A limitation of our current study is its small sample size. Although we found statistically higher PN and TNC levels in the NVG group compared with the other groups, the levels were highly variable. The clinical significance of this variation should be considered with a larger sample size. In addition, while the mean VEGF concentration in the aqueous humor of NVG eyes was high and consistent with previous reports, it was not significantly different compared with the other groups [7, 8]. This could possibly be due to the small sample sizes in our study.
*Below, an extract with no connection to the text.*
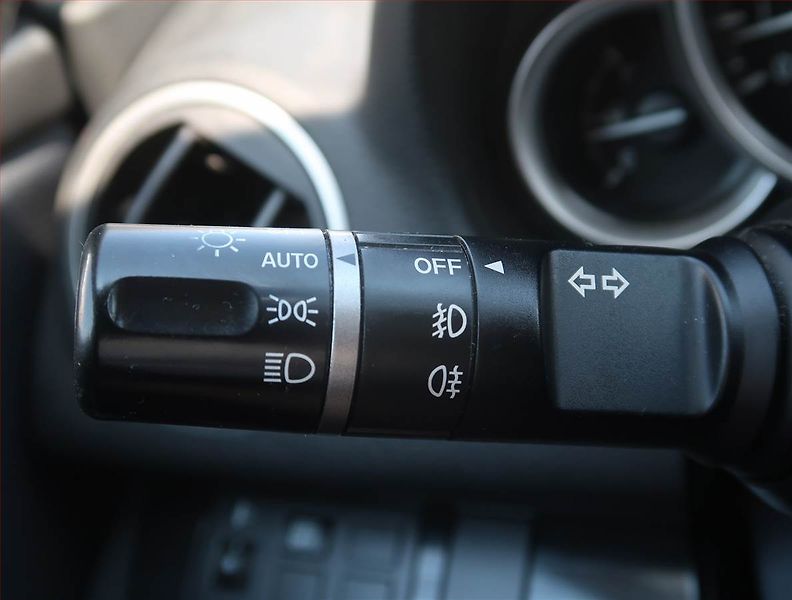 Mazda 6 (2009) 2.0, Automat, Tempomat - fotka 16 z 19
As NVG progresses, neovessels can appear over the angle structures and PAS can ultimately occur, and this is accompanied by FVM formation and subsequently leads to complete angle closure. It has been reported that intravitreal anti-VEGF drug injection in stage 1 and 2 NVG patients with open iridocorneal angle could have beneficial effects on IOP control and regression of the iris and angle neovascularization [27]. However, anti-VEGF treatment is not effective for lowering IOP after occurrence of angle closure by PAS, and surgical intervention is usually inevitable. Thus, in the management of PDR, it is important to control ischemic stimuli primarily by panretinal photocoagulation and/or anti-VEGF treatment for preventing subsequent development of NVG. In addition, development of novel therapeutic agents against fibrovascular proliferation is also required to prevent the consequent angle closure. Our group proposed PN and TNC as important players in retinal fibrosis and showed that their blockade could suppress generation of subretinal and pre-retinal fibrous membrane in animal models [13, 15]. The present study showing expressions of PN and TNC in NVG eyes and the relationships between PAS indices and PN and TNC levels may suggest their role in fibrovascular proliferation in NVG pathogenesis. Taken together, PN and TNC might be candidate therapeutic targets to inhibit FVM development in the treatment of NVG.